## About this exercise
Find the line below with "Andrew Clare's workspace — photo 2" and the line with "Panoramablick auf den". Output exactly those lines and everything between them, leaving out the pictures.

## Records for the task
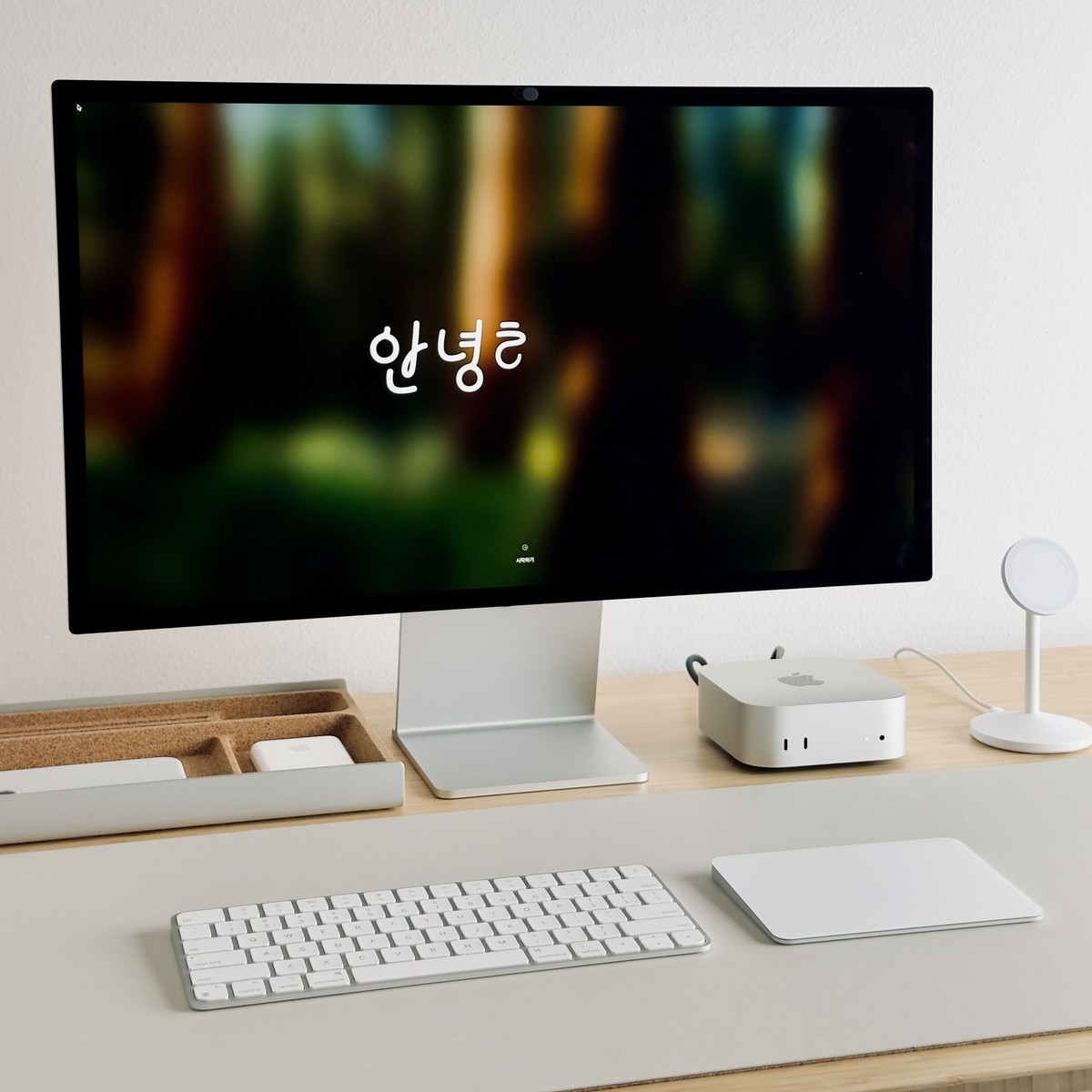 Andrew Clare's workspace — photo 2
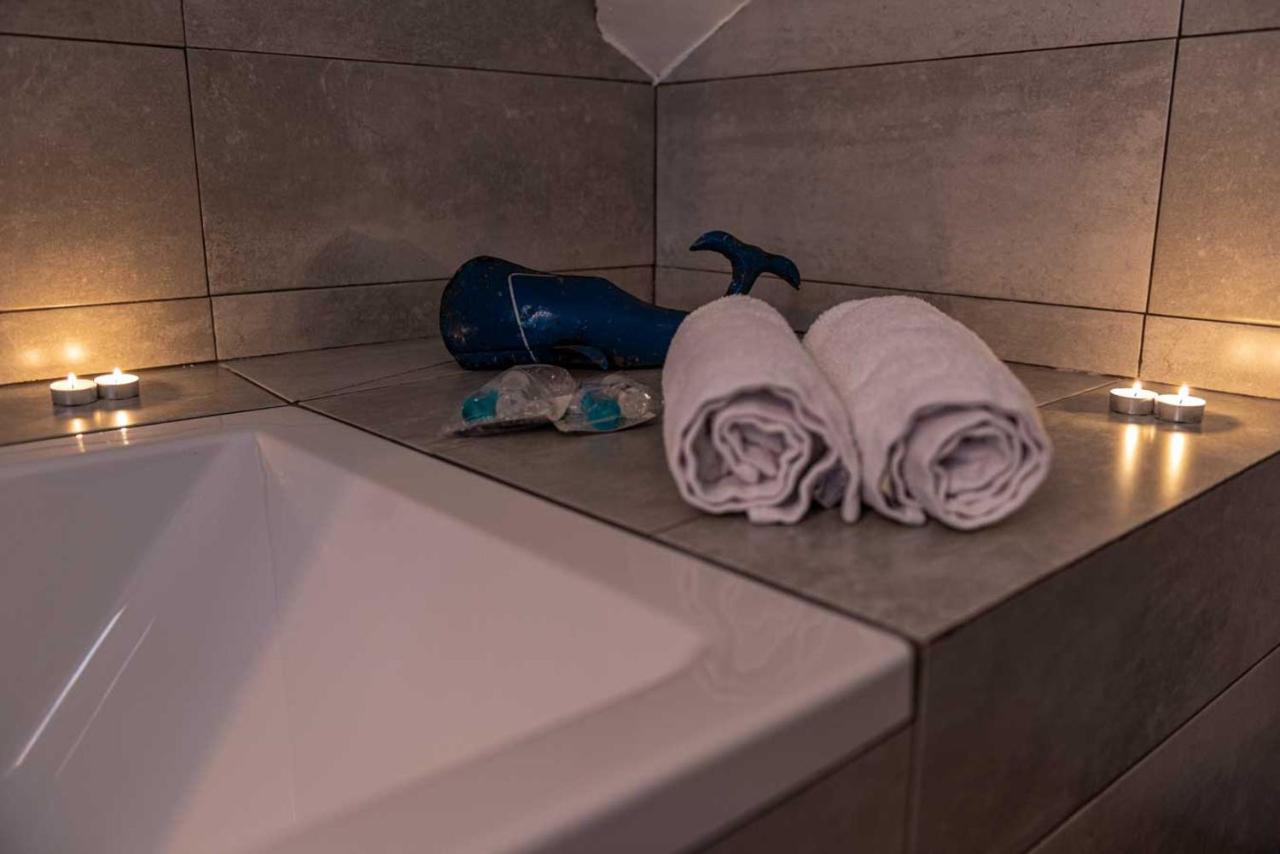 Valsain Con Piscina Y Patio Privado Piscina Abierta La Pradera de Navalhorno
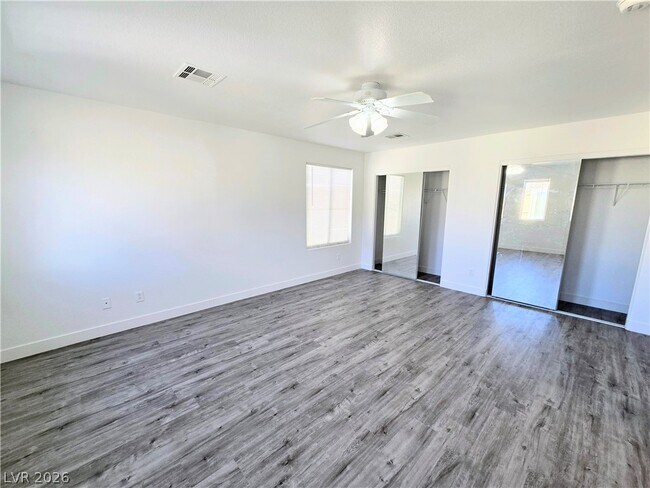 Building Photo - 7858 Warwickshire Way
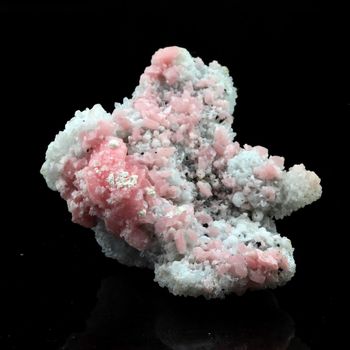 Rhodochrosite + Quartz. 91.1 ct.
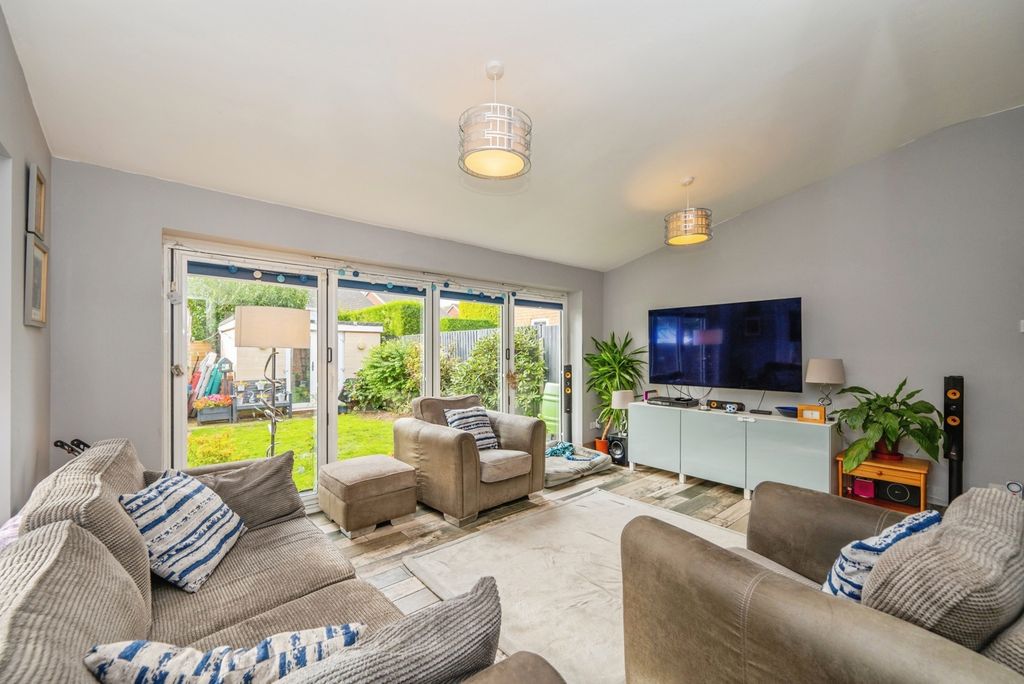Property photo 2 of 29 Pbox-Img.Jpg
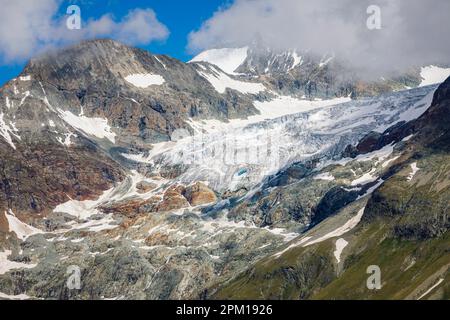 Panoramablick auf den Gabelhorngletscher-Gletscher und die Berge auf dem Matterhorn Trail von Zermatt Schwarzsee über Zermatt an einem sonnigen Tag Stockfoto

---

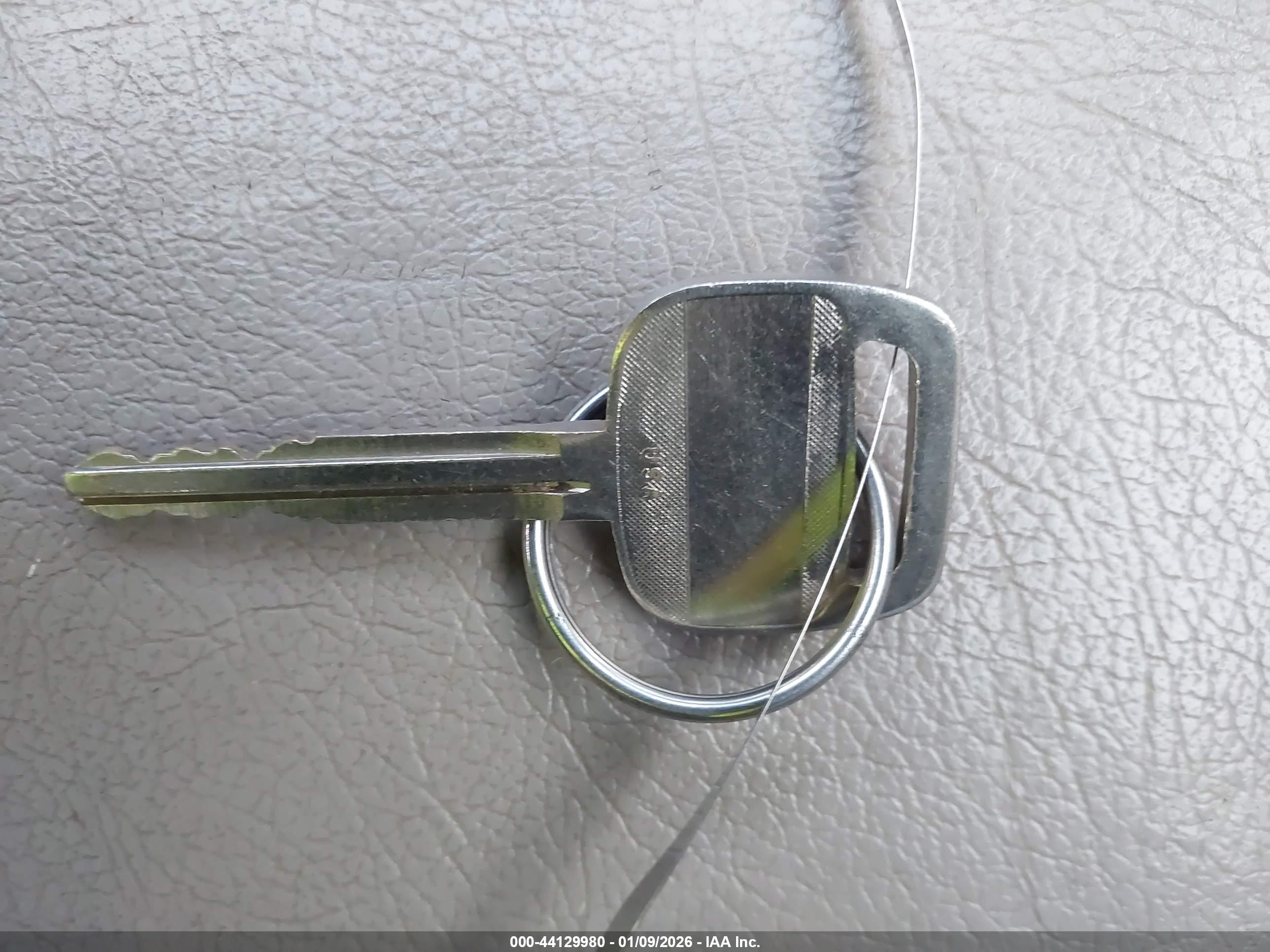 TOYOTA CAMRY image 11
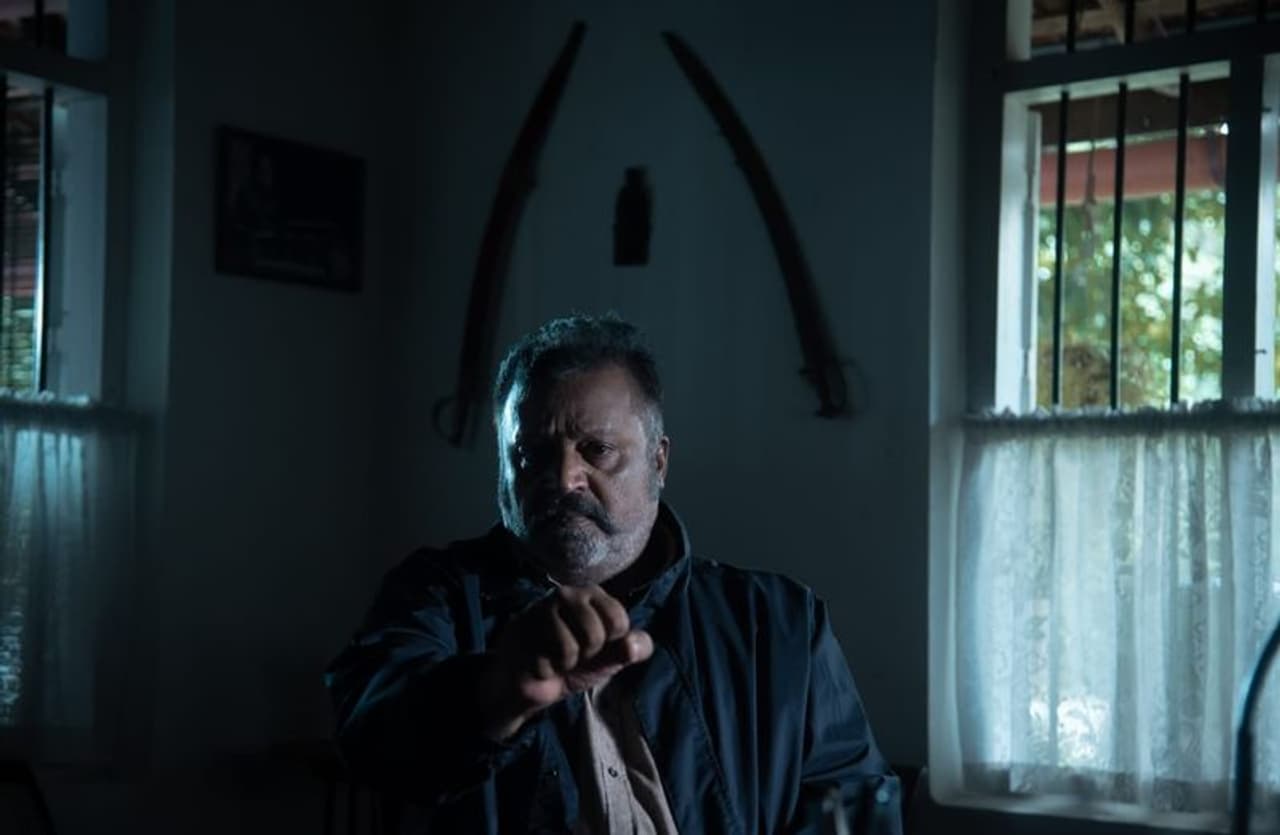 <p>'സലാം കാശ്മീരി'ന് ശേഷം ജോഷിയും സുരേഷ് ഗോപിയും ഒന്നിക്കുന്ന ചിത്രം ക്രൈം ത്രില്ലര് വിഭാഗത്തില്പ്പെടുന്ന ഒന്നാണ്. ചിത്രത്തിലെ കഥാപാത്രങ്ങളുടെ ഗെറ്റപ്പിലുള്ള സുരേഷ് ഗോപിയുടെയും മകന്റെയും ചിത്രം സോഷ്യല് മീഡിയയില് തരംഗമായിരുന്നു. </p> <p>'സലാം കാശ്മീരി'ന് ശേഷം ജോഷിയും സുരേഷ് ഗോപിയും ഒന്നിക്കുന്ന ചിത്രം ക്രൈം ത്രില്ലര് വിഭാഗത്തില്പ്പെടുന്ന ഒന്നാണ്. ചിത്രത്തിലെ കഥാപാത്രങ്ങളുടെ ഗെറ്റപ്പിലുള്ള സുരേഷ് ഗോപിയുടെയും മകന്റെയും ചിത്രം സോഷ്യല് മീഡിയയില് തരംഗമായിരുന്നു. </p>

## Your solution
 Andrew Clare's workspace — photo 2
 Valsain Con Piscina Y Patio Privado Piscina Abierta La Pradera de Navalhorno
 Building Photo - 7858 Warwickshire Way
 Rhodochrosite + Quartz. 91.1 ct.
Property photo 2 of 29 Pbox-Img.Jpg
 Panoramablick auf den Gabelhorngletscher-Gletscher und die Berge auf dem Matterhorn Trail von Zermatt Schwarzsee über Zermatt an einem sonnigen Tag Stockfoto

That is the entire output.